The point and purpose of this music moment was for Goss and the Gosstastics (or whatever we call his backing band) and veteran producer Ron Fair to re-create the sonic power and audience buzz from his Caesars Palace shows. This is better accomplished at a recording studio that can handle a small audience than attempting to haul equipment to The Gossy Room at Cleopatra’s Barge, where mics would catch every clink of the glass, squeak of the chair and even the odd drunk toppling into the moat bordering the stage.

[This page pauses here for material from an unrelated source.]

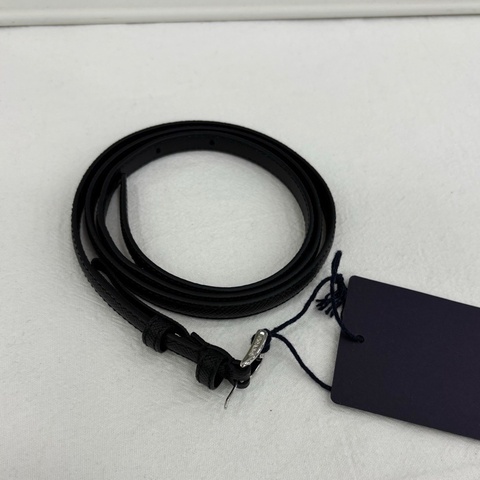 Prada 細皮帶 1cm寬 黑色銀扣 全新 配裙子 大衣都非常精緻大方 全長96cm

No, it was far more sensible to take the Goss Vegas show on the road, into an audio-friendly venue that accommodates about 100 fewer fans than the Gossy Room flotilla. “I wanted to try to capture the energy of his show, but do so by isolating the musicians and Matt’s voice,” said Fair, a man whose grandfather was a broadcaster and who has been calibrating audio entertainment for his entire adult life. “We also wanted the energy of the audience, so we created this experience.”

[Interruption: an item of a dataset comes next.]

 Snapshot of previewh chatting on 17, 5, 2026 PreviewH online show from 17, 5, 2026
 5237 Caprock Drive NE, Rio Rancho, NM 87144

Later, Goss called out, “Remember that you are part of this recording! So have fun, and drink up!” That’s more or less the message of the Goss experience in Vegas. One quibble: The experience would have been further, um, authenticated by the appearance of The Dirty Virgins, but there seems no room for a dance team for a CD recording. Nonetheless, Dirty Virgins founder and the choreographer of Goss’ stage show (and a good measure of his career) Robin Antin kicked up for the audience for much of the show.

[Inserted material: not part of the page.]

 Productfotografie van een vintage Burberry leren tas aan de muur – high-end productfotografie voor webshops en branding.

The CD will feature such familiar Gossy Room standards as his biting “Evil,” the fawning “Lovely Las Vegas” and covers of “Luck Be a Lady” and “Hotel California.” It’ll be interesting to hear how it all sounds to those seated in the room, listening to the performance through thick, black headphones. Fair said it was unclear how or even where the final product would appear, but I would be stunned if what we heard would not be put out as a live CD. This was no rehearsal experience, for sure. The ever-meticulous Goss was willing to run through two and even three takes to make sure these songs were fit to issue.
Specifics of the release date, or even who will back Goss financially in the in-progress project, were not provided. It was just a night of music. Goss’s Next Big Thing is an Oct. 21 date at Royal Albert Hall in London, performing yet another variation of The Gossy Room showcase.
“I’m still fighting the good fight in the music business,” said Goss, himself a former boxer. There is a term in the fight game, when trainers shout at boxers to “let your hands go!” It means to keep busy, and Matt Goss can be counted on for that, in Vegas or L.A. or London or anywhere else.